- _Dataset excerpts_
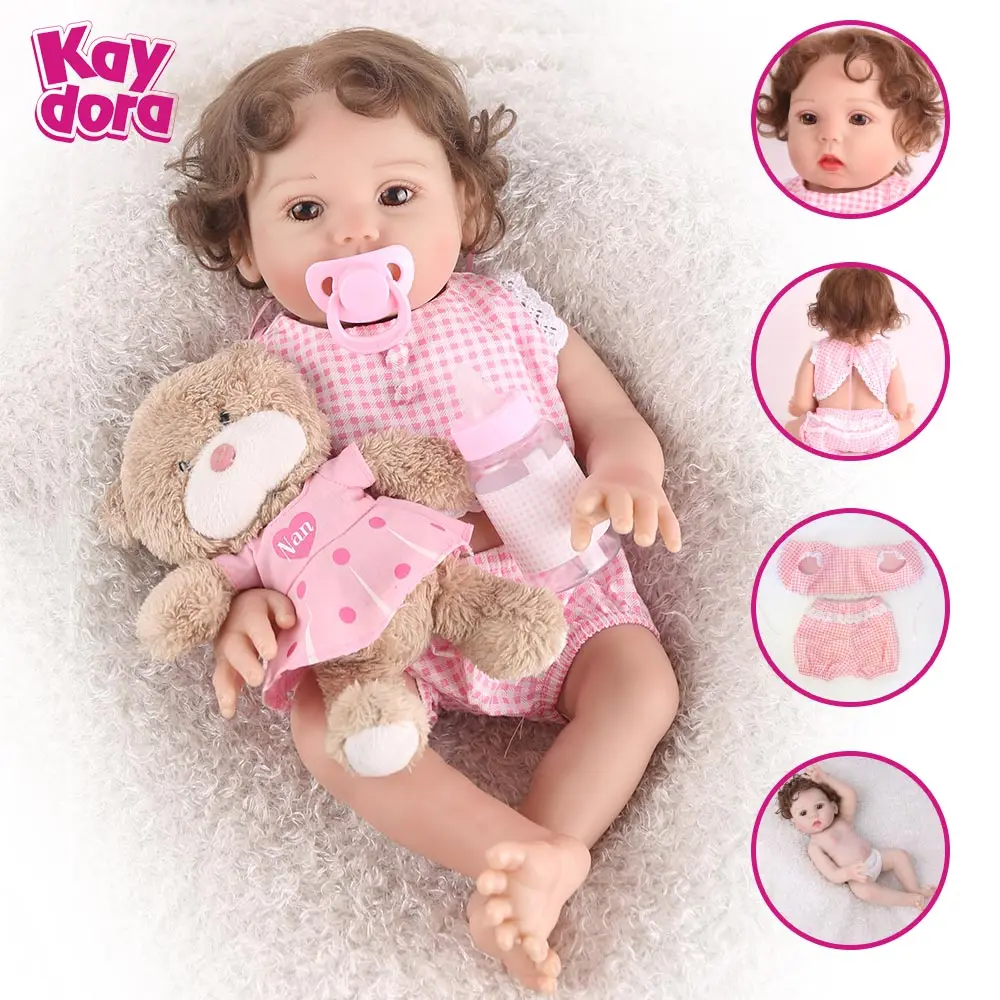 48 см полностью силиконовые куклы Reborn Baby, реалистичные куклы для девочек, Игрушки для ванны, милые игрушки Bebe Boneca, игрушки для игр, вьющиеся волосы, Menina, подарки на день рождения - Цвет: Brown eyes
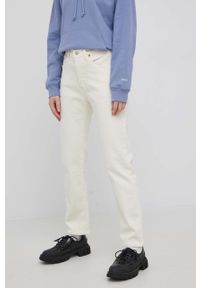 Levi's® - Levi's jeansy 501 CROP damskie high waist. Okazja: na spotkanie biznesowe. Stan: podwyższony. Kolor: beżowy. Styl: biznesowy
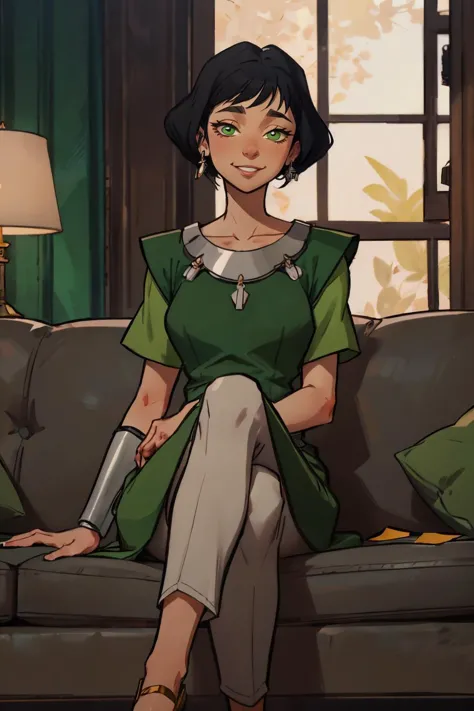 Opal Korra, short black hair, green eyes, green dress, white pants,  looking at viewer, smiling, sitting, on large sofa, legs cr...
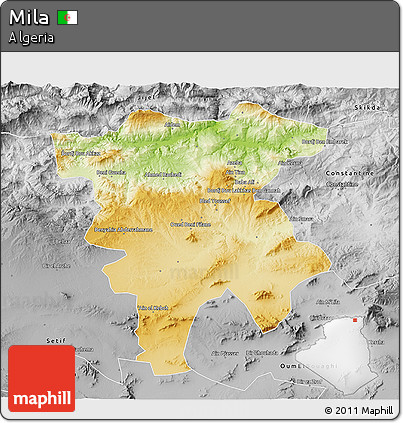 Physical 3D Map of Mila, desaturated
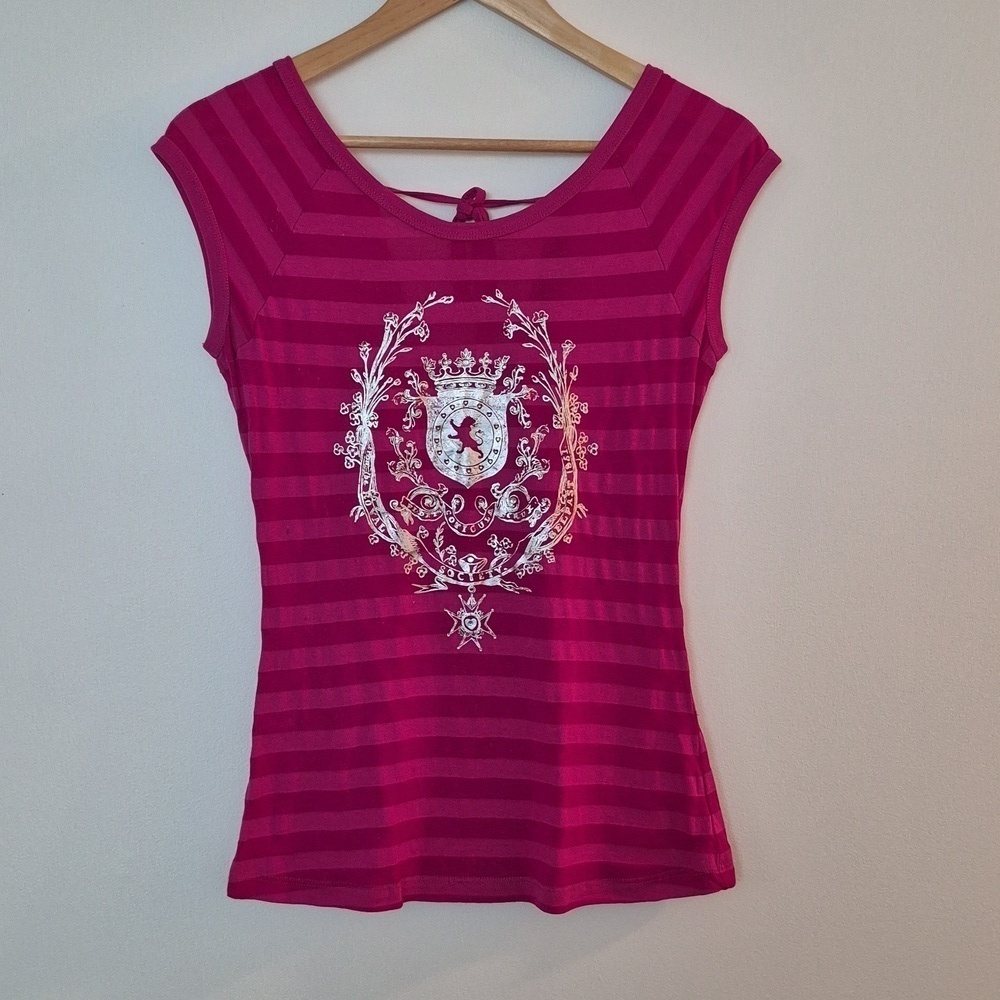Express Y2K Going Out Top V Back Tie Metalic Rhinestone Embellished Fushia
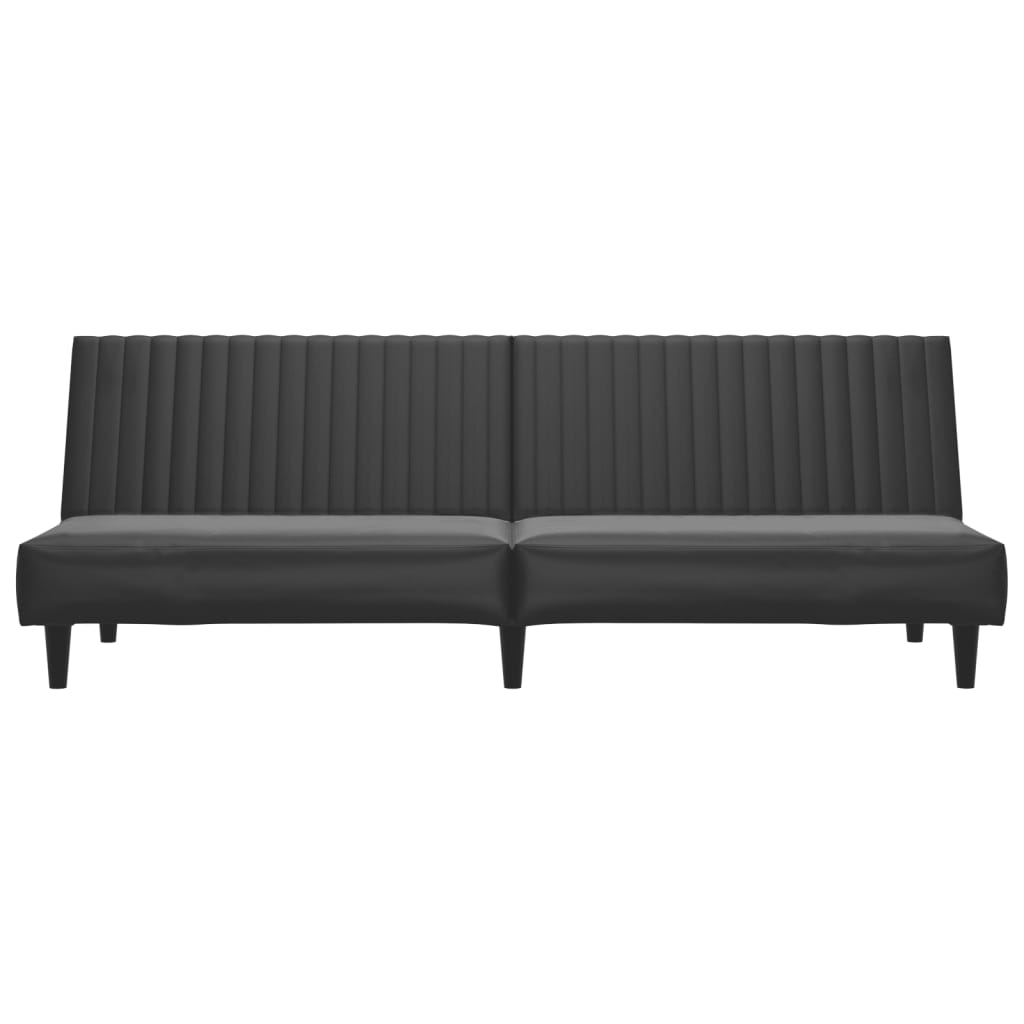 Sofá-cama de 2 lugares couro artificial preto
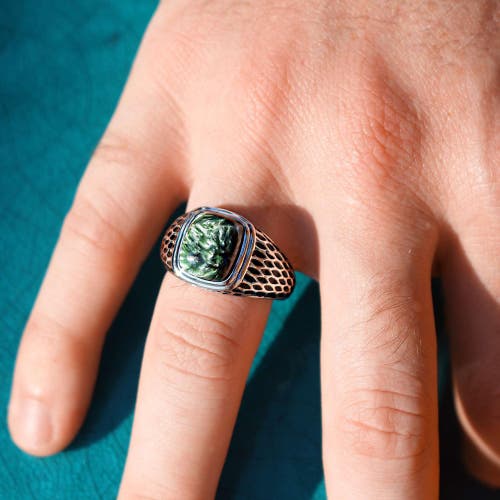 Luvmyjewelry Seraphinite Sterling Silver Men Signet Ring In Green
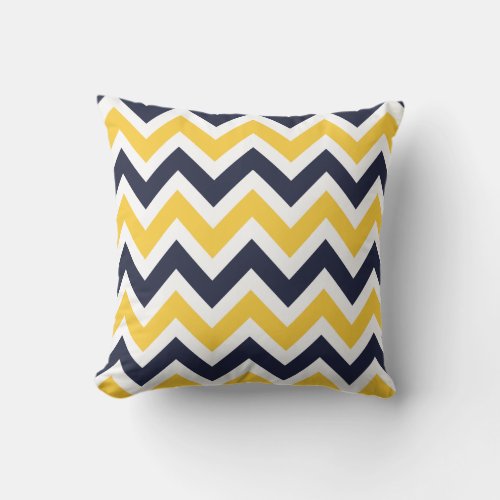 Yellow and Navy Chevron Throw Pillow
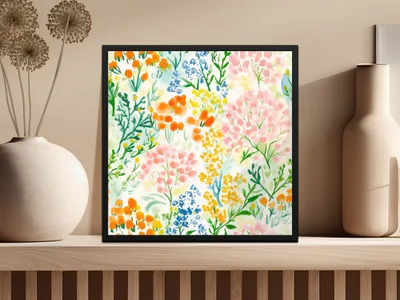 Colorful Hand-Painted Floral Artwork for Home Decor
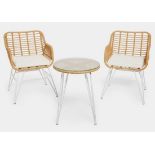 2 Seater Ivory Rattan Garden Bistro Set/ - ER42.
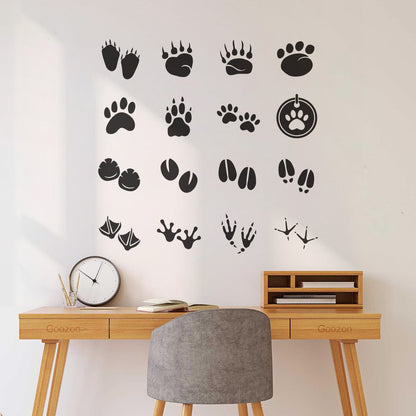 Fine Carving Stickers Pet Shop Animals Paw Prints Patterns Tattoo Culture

- _AIM OF THE EXERCISE_
Which part of the entries opens with the line containing "Levi's® - Levi's" and closes with the line containing "Opal Korra, short"? Output that part exactly, ends included, pictures excluded.

- _EXERCISE RESULT_
 Levi's® - Levi's jeansy 501 CROP damskie high waist. Okazja: na spotkanie biznesowe. Stan: podwyższony. Kolor: beżowy. Styl: biznesowy
 Opal Korra, short black hair, green eyes, green dress, white pants,  looking at viewer, smiling, sitting, on large sofa, legs cr...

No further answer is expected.